THE DATA →
[Start of section]
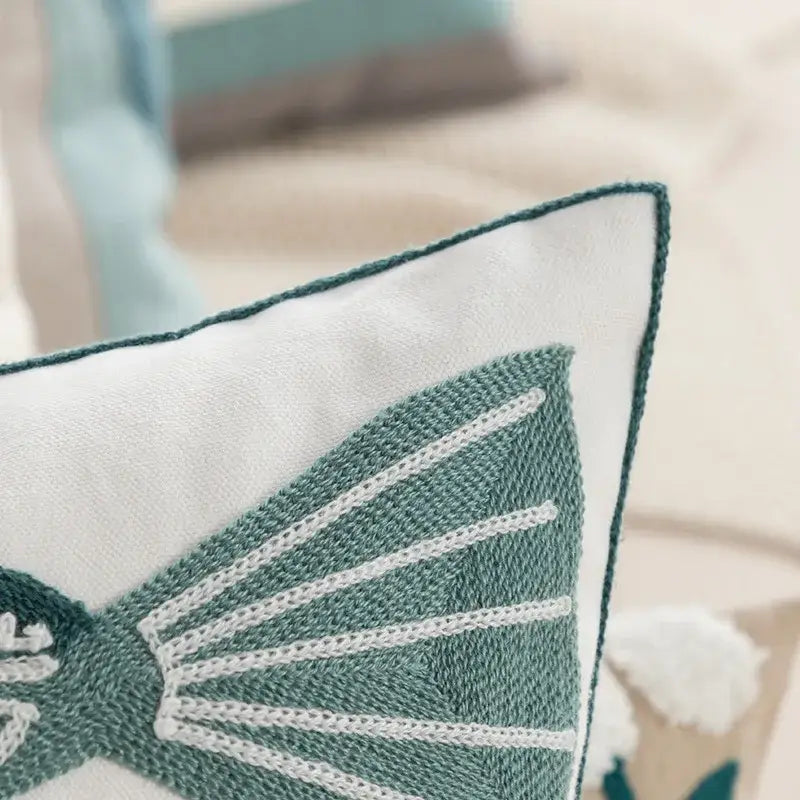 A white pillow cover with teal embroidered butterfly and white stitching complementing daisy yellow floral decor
[End of section]
[Start of section]
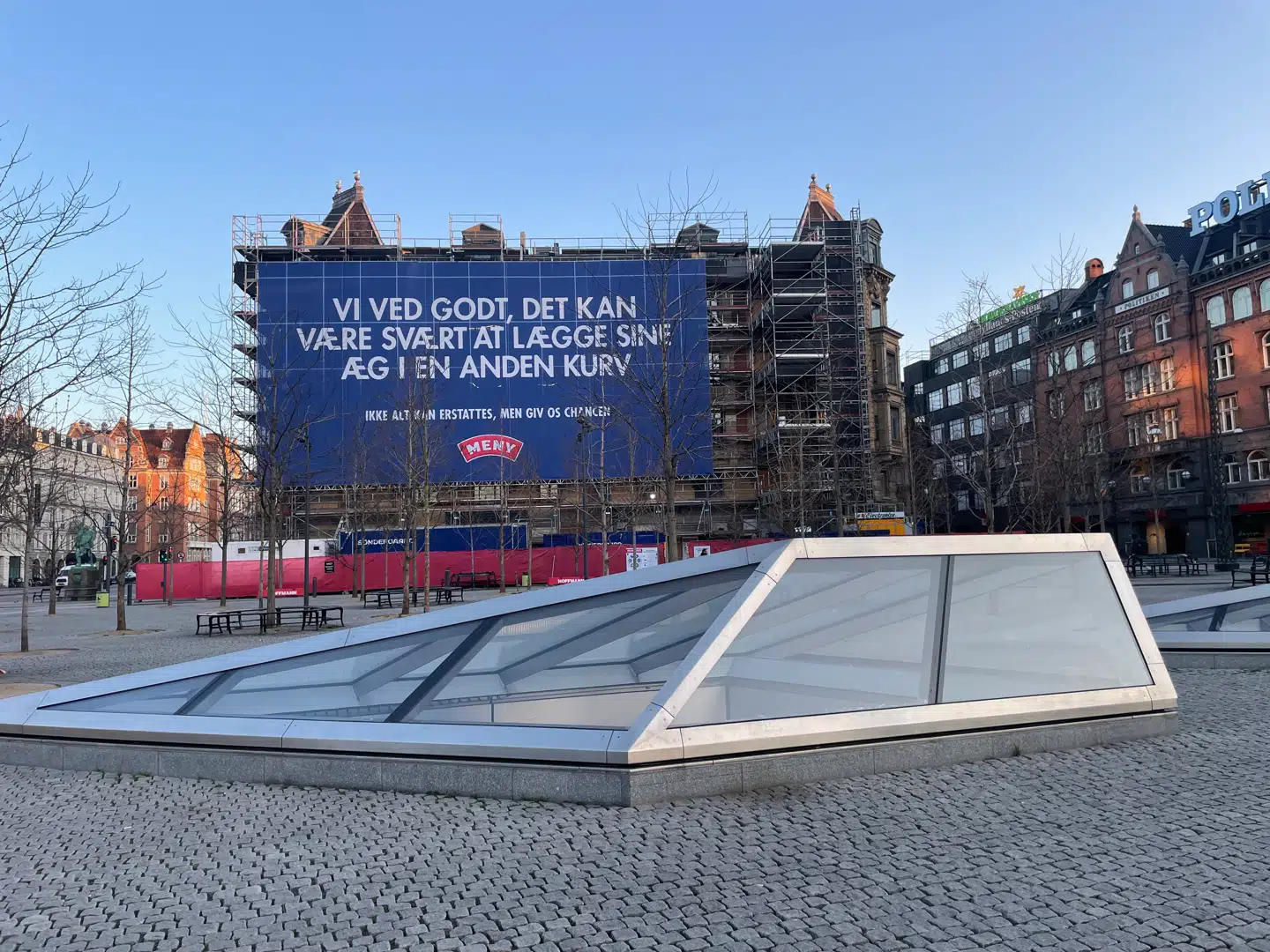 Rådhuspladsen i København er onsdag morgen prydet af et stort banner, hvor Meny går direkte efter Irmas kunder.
[End of section]
[Start of section]
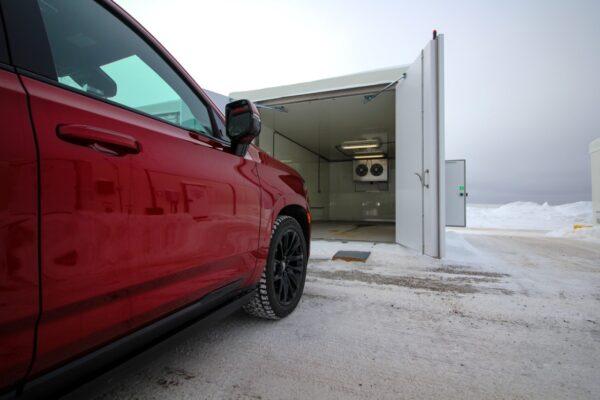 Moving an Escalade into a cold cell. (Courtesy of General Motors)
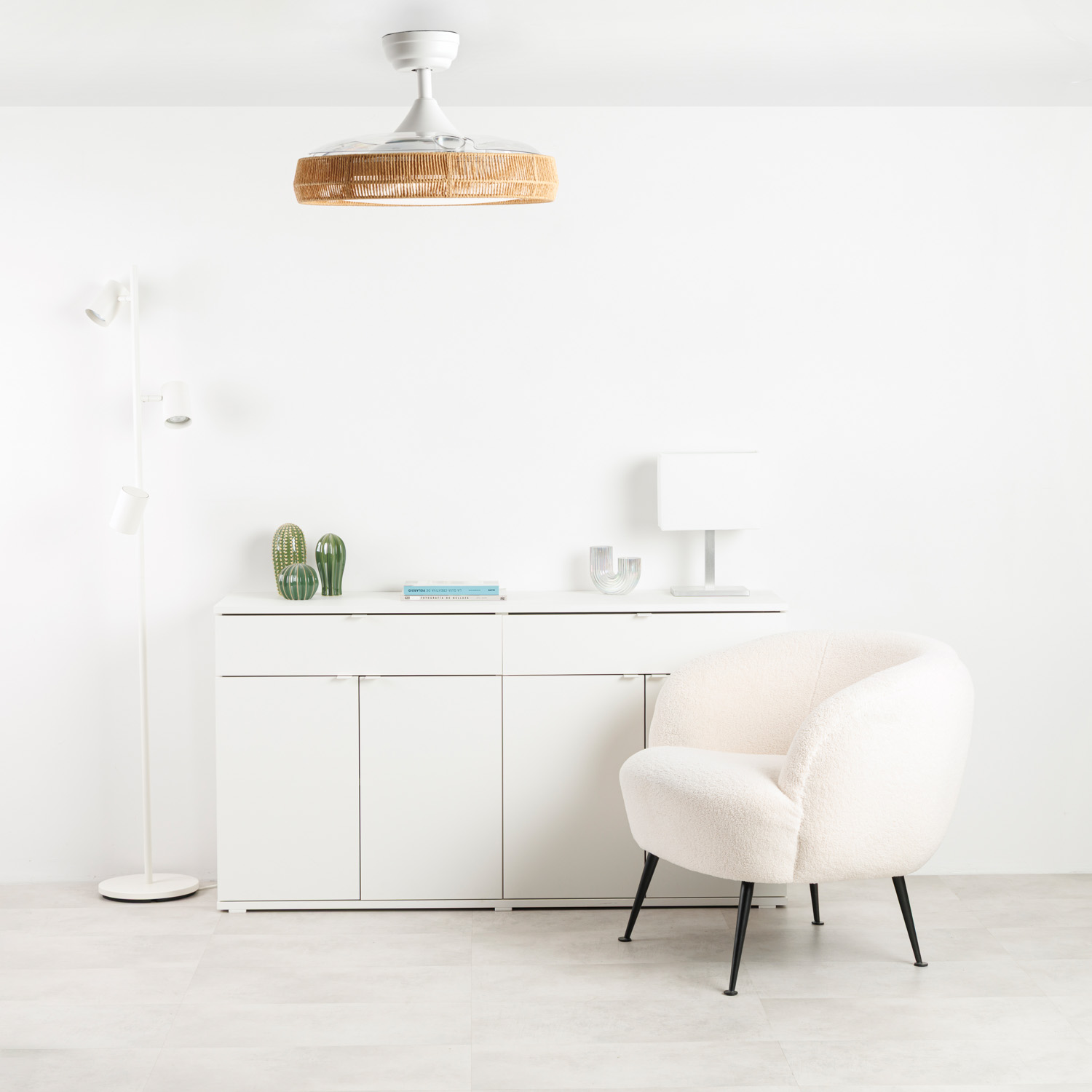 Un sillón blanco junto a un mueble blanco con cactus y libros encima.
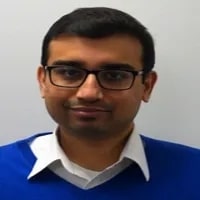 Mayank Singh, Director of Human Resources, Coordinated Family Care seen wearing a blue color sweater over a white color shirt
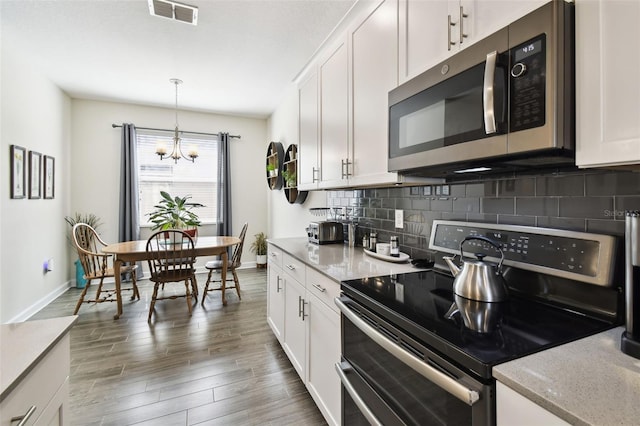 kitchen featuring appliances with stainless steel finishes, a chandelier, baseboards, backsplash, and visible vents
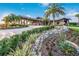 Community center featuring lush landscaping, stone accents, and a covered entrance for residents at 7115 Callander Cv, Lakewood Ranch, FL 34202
[End of section]
TASK BRIEF → Using the material above, transcribe exactly the lines from the one holding "kitchen featuring appliances" to the one holding "Community center featuring", both ends kept. Do not carry over any pictures.

EXERCISE ANSWER →
 kitchen featuring appliances with stainless steel finishes, a chandelier, baseboards, backsplash, and visible vents
 Community center featuring lush landscaping, stone accents, and a covered entrance for residents at 7115 Callander Cv, Lakewood Ranch, FL 34202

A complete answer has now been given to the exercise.